The Japan–Russia border is the de factomaritime boundary that separates the territorial waters of the two countries. According to the Russia border agency, the border's length is 194.3 km (120.7 mi).[1]
The two countries do not share a terrestrial border, although they did during the period 1905–1945 when the island of Sakhalin was split between Japan and the Russian Empire (and later the USSR).
History
The border between Russia and Japan has changed several times over the last 200 years. The Treaty of Shimoda (1855) divided the Kuril Islands, creating a maritime boundary between the Japanese Etorofu (Iturup) in the south and the Russian Urup in the north. The treaty did not determine the status of Sakhalin.[2]

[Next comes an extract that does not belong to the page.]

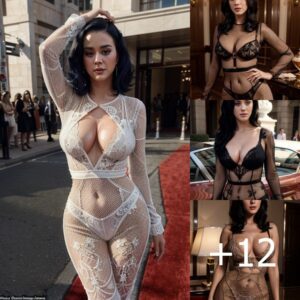 Radiant Elegance: Katy Perry Stuns in a Sexy Lace Patterned Outfit, Showcasing Timeless Allure and Fashion Finesse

During the Russo-Japanese War, Japan was able to invade and occupy the whole of Sakhalin island over several weeks in July 1905. By the Treaty of Portsmouth, which concluded the war, Russia ceded the southern half of Sakhalin to Japan (incorporated as Karafuto Prefecture), while Japanese troops withdrew from its northern half; thus the two countries the first time in their history shared a land border, which ran along the 50th parallel north across the entire island of Sakhalin, from the Strait of Tartary to the Sea of Okhotsk.[4] Even though Japan occupied the northern part of Sakhalin in 1920–1925, during and after the Russian Civil War, Soviet control in the northern Sakhalin was established in 1925, and the 50th parallel became the Japan-USSR border.[5][6]
Since the Japanese Empire incorporated Korea by 1910, the short Korea–Russia border also became part of the border between the Japanese and Russian Empires, and later (until 1945), between the Japanese Empire and the USSR.
The land border in Sakhalin was crossed by the Soviet Army in August 1945, while Soviet marines landed in the Kurils. As a result of the short Soviet–Japanese War, the whole of Sakhalin and the Kurils became de facto (and de jure, under the Soviet law) part of the USSR, and of its constituent part, the RSFSR.[7][8] Even though the USSR and Japan reestablished diplomatic relations a decade later (the Soviet–Japanese Joint Declaration of 1956), no peace treaty or maritime boundary agreement between the two countries has been signed.[9]
The Sakhalin-Hokkaido tunnel, or possibly a bridge, is a proposed 45-km(28 miles) connection to Russia's Sakhalin island and Japan's Hokkaido island. When the project is complete, it will span across the Soya strait and become the longest bridge in the world if it becomes a bridge. There, people can go to the other side by a railway or by a road.[10]
Checkpoints
There are no border crossing points on the Russian-Japanese border, as it is a purely maritime boundary.
During the existence of the land border in Sakhalin (1905-1945), it was crossed by one road.[11]
However, when the Sakhalin-Hokkaido tunnel is complete, there will be checkpoints at the tunnel.